** Records shown **

********************

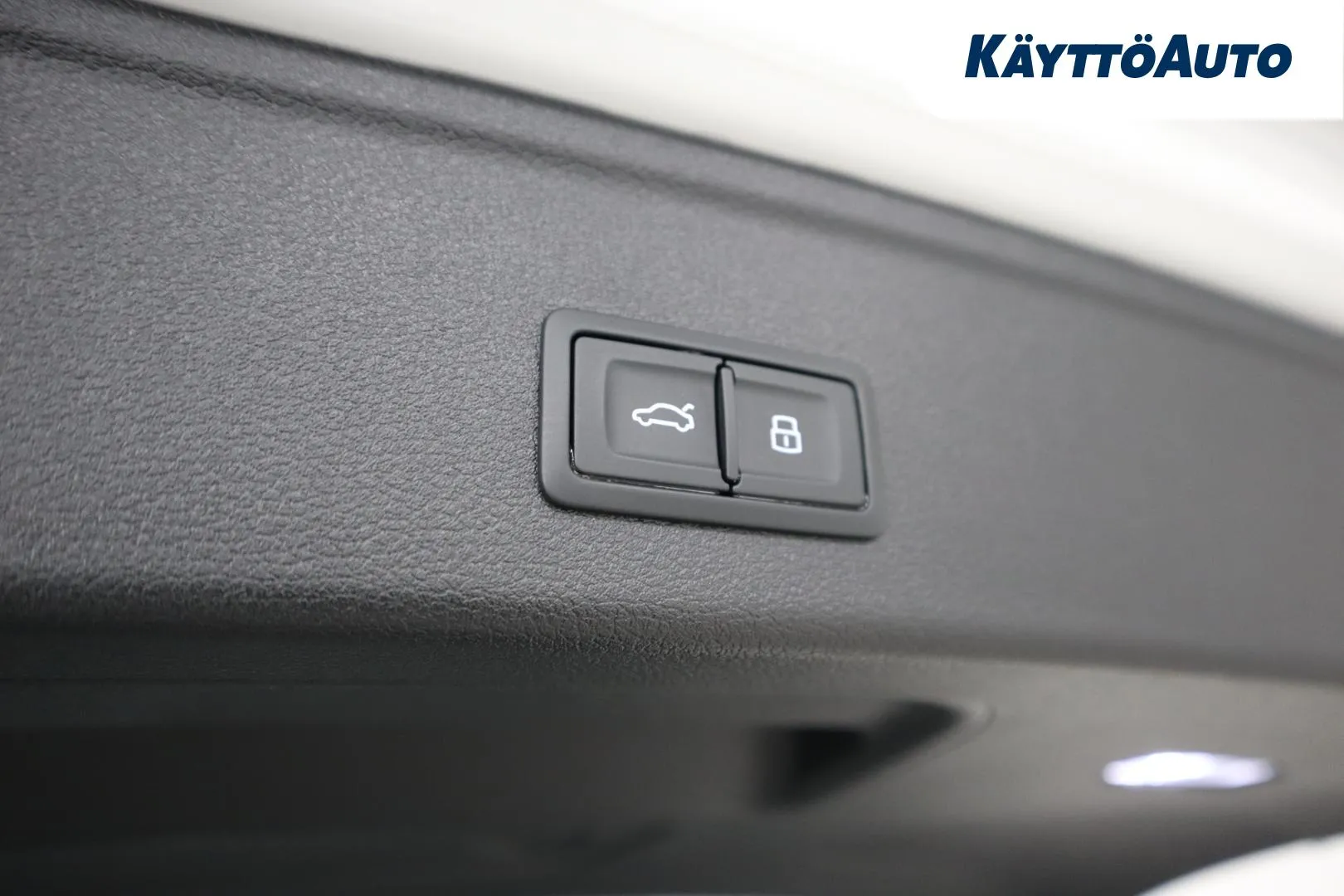 AUDI A4 ZOV-389 carousel image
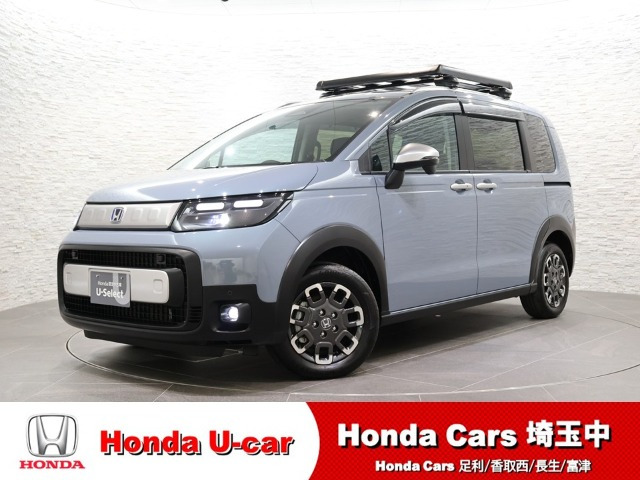 フリード1.5 e:HEV クロスター 4WD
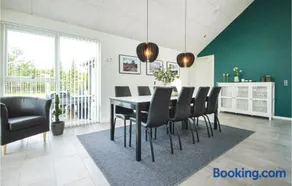 Four-Bedroom Holiday Home In Tarm - Image 4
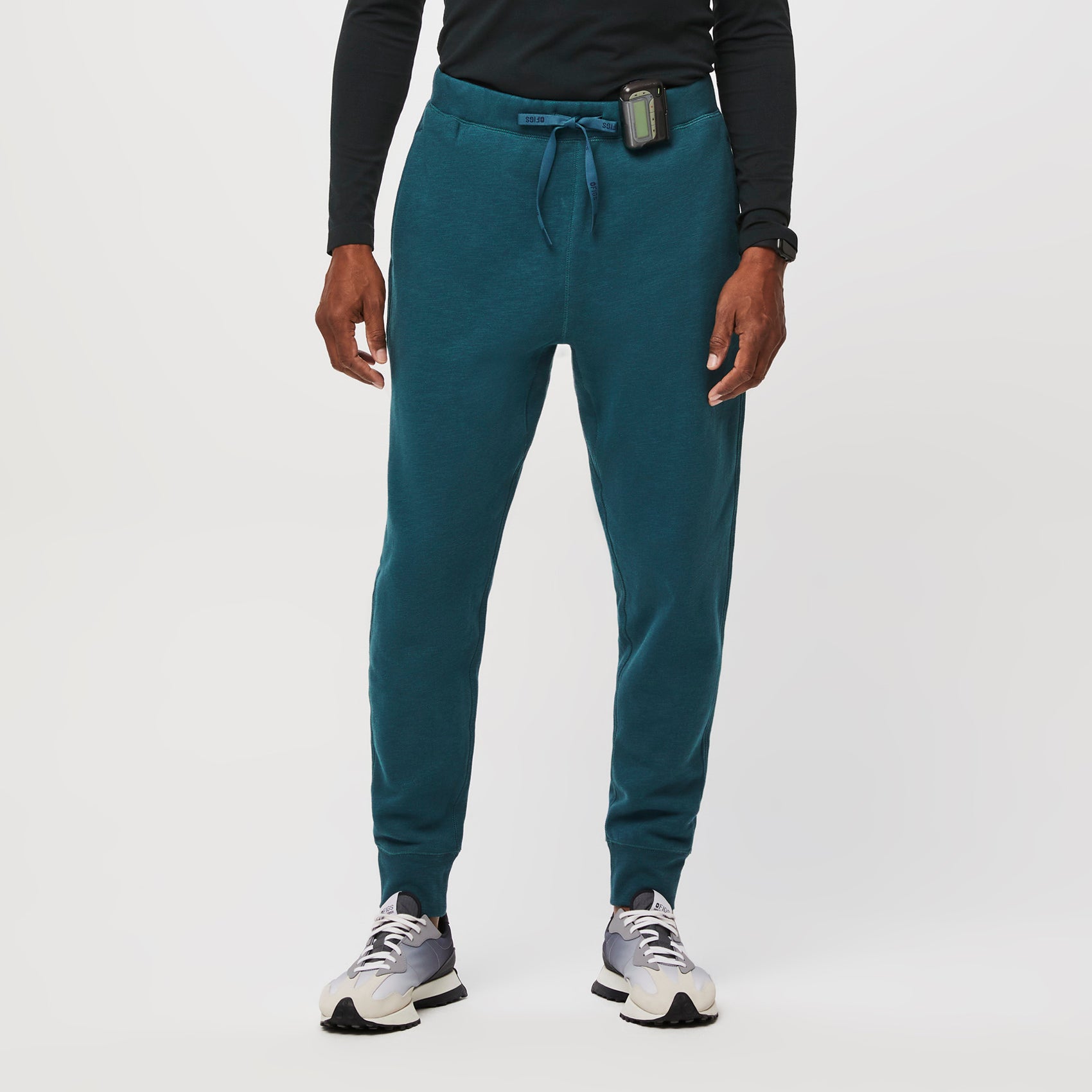 Joggers vs Sweatpants: Differences You Need to Understand – Harbour 9
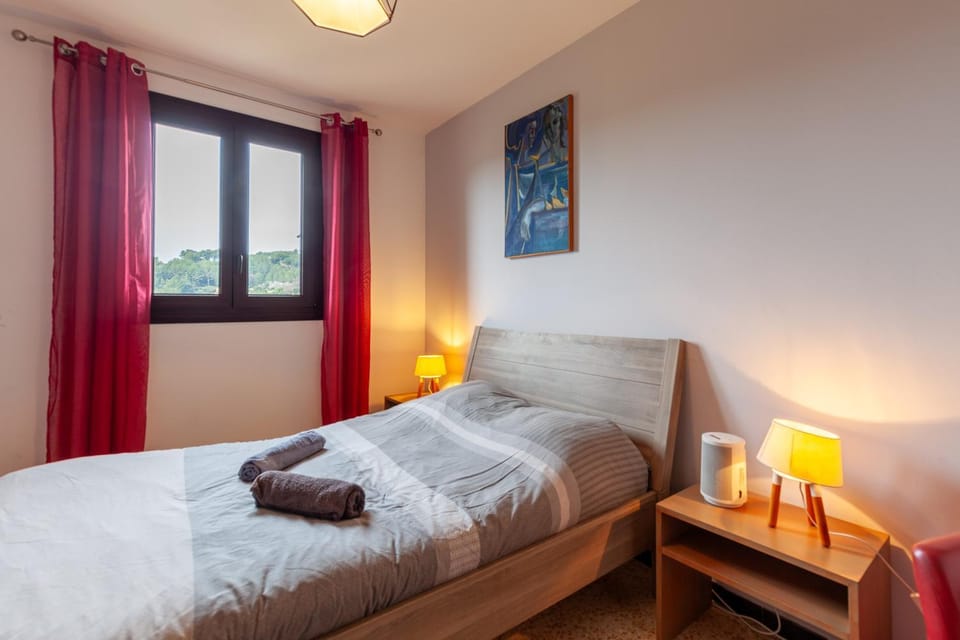 Living room, Bedroom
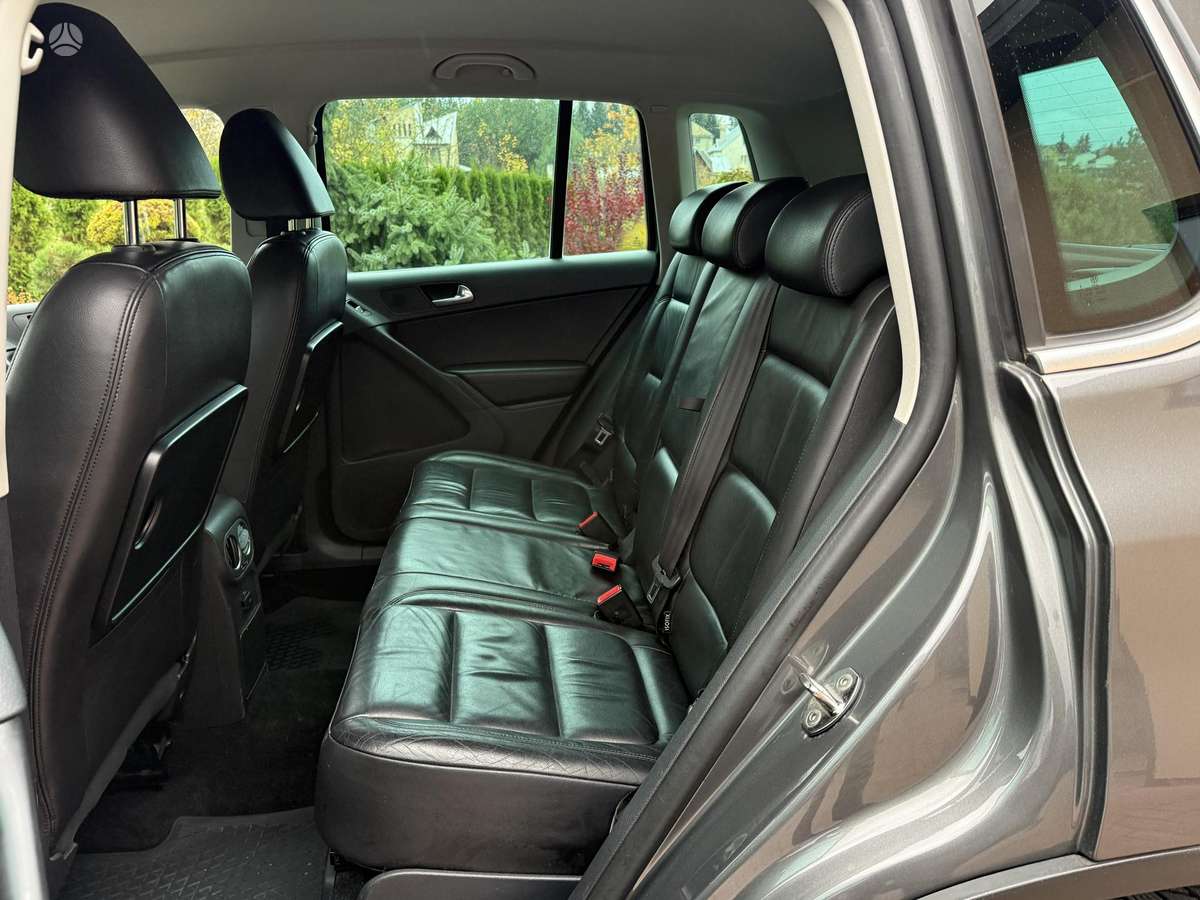 Volkswagen Tiguan 2011 — photo 21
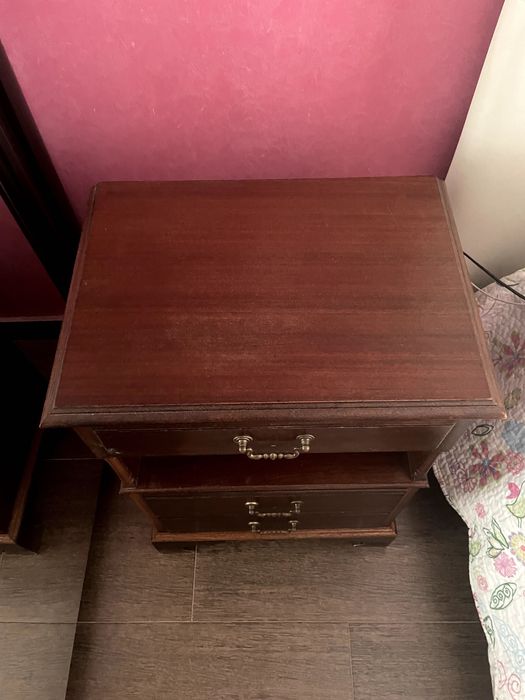 Mesas de cabeceira em bom estado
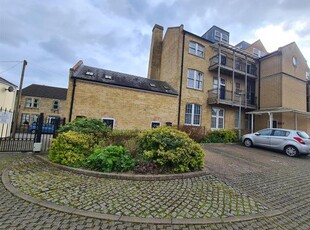 Flat to rent in Flat 6, Burberry Court, Littleport CB6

********************

** What needs to be done **
Once the pictures are removed, print all the remaining data exactly as it stands.

** Task output **
 AUDI A4 ZOV-389 carousel image
 フリード1.5 e:HEV クロスター 4WD
 Four-Bedroom Holiday Home In Tarm - Image 4
 Joggers vs Sweatpants: Differences You Need to Understand – Harbour 9
 Living room, Bedroom
 Volkswagen Tiguan 2011 — photo 21
 Mesas de cabeceira em bom estado
 Flat to rent in Flat 6, Burberry Court, Littleport CB6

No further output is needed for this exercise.